Hacker News new | ask | show | jobs
by treis 1552 days ago
FP explanations like this annoy me:

That is, this code:

x = foo()

y = bar(x)

z = bar(x)

Should mean the same thing as:

y = bar(foo())

z = bar(foo())

Because it's obvious to anyone that has written any sort of complex program that those are not the same thing. foo() can be an expensive operation like an HTTP call. Or it might depend on a database which can change state underneath it.

I assume FP has answers for these things but the tutorials never cover them. They all imagine a world without state or expensive operations to show how wonderful it is. And that's an easy world to program in.

5 comments

> Because it's obvious to anyone that has written any sort of complex program that those are not the same thing.

They are the same thing in Haskell (except for when forcing the thunks into eager values happens, due to the weirdness of laziness, but that has nothing to do with purity).

> I assume FP has answers for these things but the tutorials never cover them.

Except this one does:

> The <- works like an =, except it signals that equational reasoning doesn't apply to this value. You can't replace what_the_user_typed with getline - your program won't compile.

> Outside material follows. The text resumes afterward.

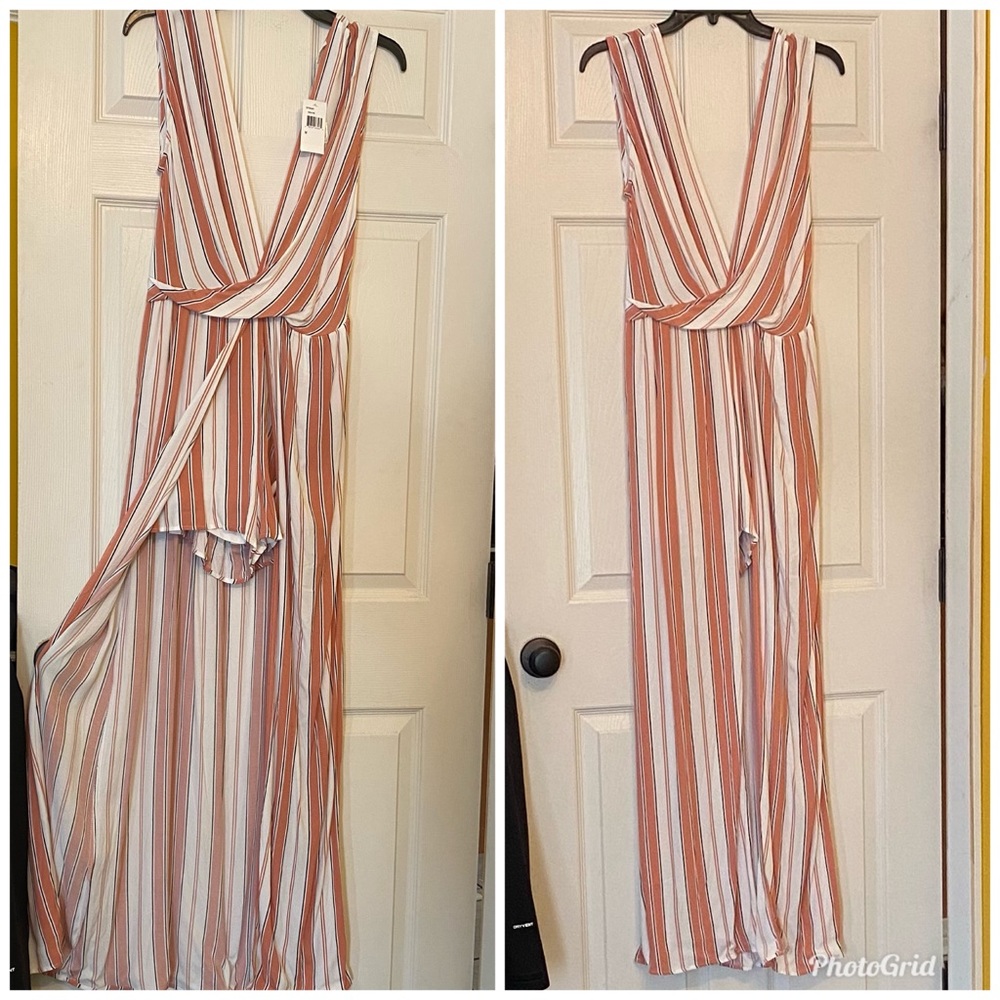 Romper with layer maxi skirt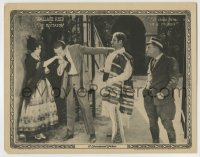 8z287 DICTATOR LC 1922 suave Wallace Reid kisses Lila Lee's hand before he will choke Alan Hale!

>They are the same thing in Haskell

That just raises a different problem:

y = bar(generateUUID())

z = bar(generateUUID())

>Except this one does:

It doesn't explain it in the context of real world programming.

> That just raises a different problem:

    y = bar(generateUUID()) 
    z = bar(generateUUID())
You can't write that in Haskell! Instead you write something like.

  yuuid <- generateUUID
  zuuid <- generateUUID

  y = bar yuuid
  z = bar zuuid
Yeah, I'm not denying that these things are solved in Haskell or other FP languages. People build complex applications in those languages so all things must be possible one way or another. My complaint is that the tutorials never wade into these weeds and show how FP makes real world applications easier to build.
> the tutorials never wade into these weeds and show how FP makes real world applications easier to build

Yes that's true, and it's unfortunate.

Example program to show three ways of doing that:

  import System.Random

  randomInt :: IO Int
  randomInt = randomIO

  isEven1 :: Int -> Bool
  isEven1 n = (n `rem` 2) == 0

  isEven2 :: IO Int -> IO Bool
  isEven2 n = do
      m <- n
      return $ isEven1 m

  example1 :: IO ()
  example1 = do
      i1 <- randomInt
      let result1 = isEven1 i1
      putStrLn $ show result1

      i2 <- randomInt
      let result2 = isEven1 i2
      putStrLn $ show result2

      let result2' = isEven1 i2
      putStrLn $ show result2'

  example2 :: IO ()
  example2 = do
      result1 <- isEven2 randomInt
      putStrLn $ show result1

      result2 <- isEven2 randomInt
      putStrLn $ show result2

  randomIntIsEven :: IO Bool
  randomIntIsEven = isEven2 randomInt

  example3 :: IO ()
  example3 = do
      result1 <- randomIntIsEven
      putStrLn $ show result1

      result2 <- randomIntIsEven
      putStrLn $ show result2

  main :: IO ()
  main = do
      putStrLn "Example 1:"
      example1
      putStrLn "Example 2:"
      example2
      putStrLn "Example 3:"
      example3
In example1, result1 and result2 may differ, which is signalled by the arrow (instead of "="). result2 and result2' cannot differ, which is signalled by "=", where the right hand side is verbatim the same.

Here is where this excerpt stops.